Who is actually given a mandate to govern—an Knesset member or a party? What is the connection between someone elected in party primaries and someone placed on a party list? And what happens when disputes emerge? Should the mandate be returned because it belongs to a party, or should an MK take it and start to wander around the Knesset like an alien freed from the earth’s gravitational pull?
MKs elected in primaries can prove they were chosen by party members and earned their places on their lists. But what about those who were slotted in? They came out of nowhere. Their party leaders put them there, and that’s it.
There are different kinds of slots. MK Galit Distel Etebaryan is thankful to Likud leader Benjamin Netanyahu, who assigned her 10th place on the party list.
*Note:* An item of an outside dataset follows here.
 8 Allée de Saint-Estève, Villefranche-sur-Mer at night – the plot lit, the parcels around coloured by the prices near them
She is one of those MKs who won’t hesitate to quote the party’s talking points, whose positions are aligned with those of the leader who put them on the list and have arrived at a remarkable level of symbiosis.
The other kind can be seen in MK Amichai Chikli, whom Prime Minister Naftali Bennett brought into Yamina, surrounded by the glory of the pre-military preparatory academy he founded and directed. He was secular, right-wing and good-looking. He praised Bennett and Yamina, and of course, spoke against Netanyahu and the Likud. After the “government of change” was founded, Chikli changed his mind and decided that Netanyahu was the man for him. He resigned from Yamina, but never for a second considered whether he should resign from the Knesset, give back his mandate and get on with his life. He remained an MK, as if he alone had brought Yamina 50,000 votes—the number required for a single mandate in the most recent election—when it was clear that the votes had been for Bennett and Ayelet Shaked.
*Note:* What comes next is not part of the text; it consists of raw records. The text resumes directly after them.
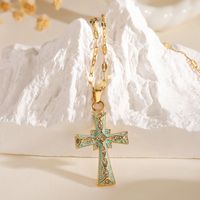 Copper 18K Gold Plated Classic Style Commute Enamel Plating Inlay Cross Zircon Pendant Necklace main image 5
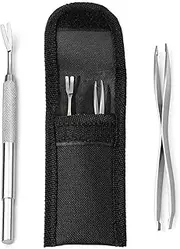 jatimdotin Tick Tweezers Set of 2 Tick Remover with Tick Hook and Double-Headed Tick Tweezers for Humans, Dogs, Cats (with Storage Bag)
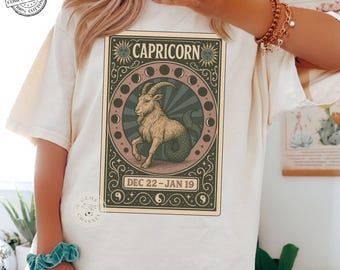 Comfort Colors* Capricorn Zodiac T-Shirt - Vintage Astrology Shirt, Capricorn Birthday Gift, Celestial Star Sign Tee, Retro Horoscope Top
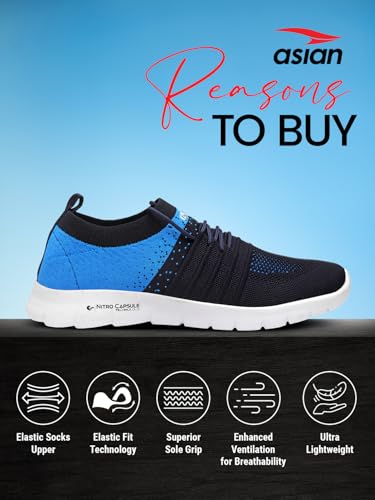 Image of ASIAN Storm-02 Men's Walking Shoes with Stretch-Knit Fit, Nitro Capsule Cushioning & Flexible Lightweight Sole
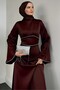 Satin hijab evening dress with pearl stone detailed flounce sleeves and waist - 2
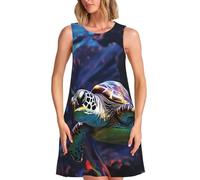 BYPPJGH A Colorful Tropical Sea Turtle Abiti estivi da donna 2025 Casual Senza Maniche Spiaggia Sundress Floral T-Shirts Dress Girocollo Tank Dress con tasche, Nero , Small-4X-Large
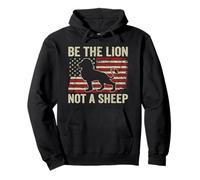 Sé el león, no una Oveja - Patriotic Lions USA Flag Freedom Sudadera con Capucha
Then there is the newly-slotted Ghaida Rinawie Zoabi of Meretz, whom party leader Nitzan Horowitz just made number four on the list. She does not come from the Meretz ranks and did not run in the party primaries. Some claim that she was slotted in to keep Esawi Frej from being elected. Meretz got lucky and won six mandates in the election, and they both joined the Knesset. When Frej, a veteran Meretz member, was appointed to a ministerial post and spoke about cooperation between Jews and Arabs, Zoabi stayed out of it.
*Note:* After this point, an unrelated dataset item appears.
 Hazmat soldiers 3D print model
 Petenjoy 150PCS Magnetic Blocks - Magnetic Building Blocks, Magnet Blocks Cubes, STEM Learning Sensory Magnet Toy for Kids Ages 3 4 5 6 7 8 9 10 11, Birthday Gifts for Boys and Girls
Someone sensed the potential damage she could do and spearheaded a campaign to have her appointed Israel’s consul to Shanghai. Last week, it turned out that she indeed could do major damage. In fact, she could bring down the coalition and bring about Meretz’s political death. Rinawie Zoabi resigned from the coalition and sent out an audacious, disrespectful letter. The letter wasn’t addressed to her party leader, whom she didn’t bother to inform of her plans, but rather to the prime minister and alternate prime minister. But it never even crossed her mind to return her mandate. People will now beg her to, and she might agree; but until then, she will be suspected of torpedoing the coalition.
We can also add Eli Avidar, who disconnected himself from his mothership, Yisrael Beytenu, and is threatening everyone; along with Idit Silman, who was elected in Yamina after she flip-flopped her way out of Habayit Hayehudi under Rafi Peretz to join Bennett and Yamina as the list was being closed.
The case of Distel Etebaryan can be understood and respected. She took on the Likud’s positions and those of its leader and has behaved accordingly. Chikli, Rinawie Zoabi, Avidar and Silman are harder to understand and overlook. They barely got the votes of their families and close friends. Israel’s legislature must address this issue, close the loophole that allows MKs to take their mandates with them when they resign and put an end to this anarchy. The mandate has to be returned, immediately.
Nechama Duek is a journalist and political commentator.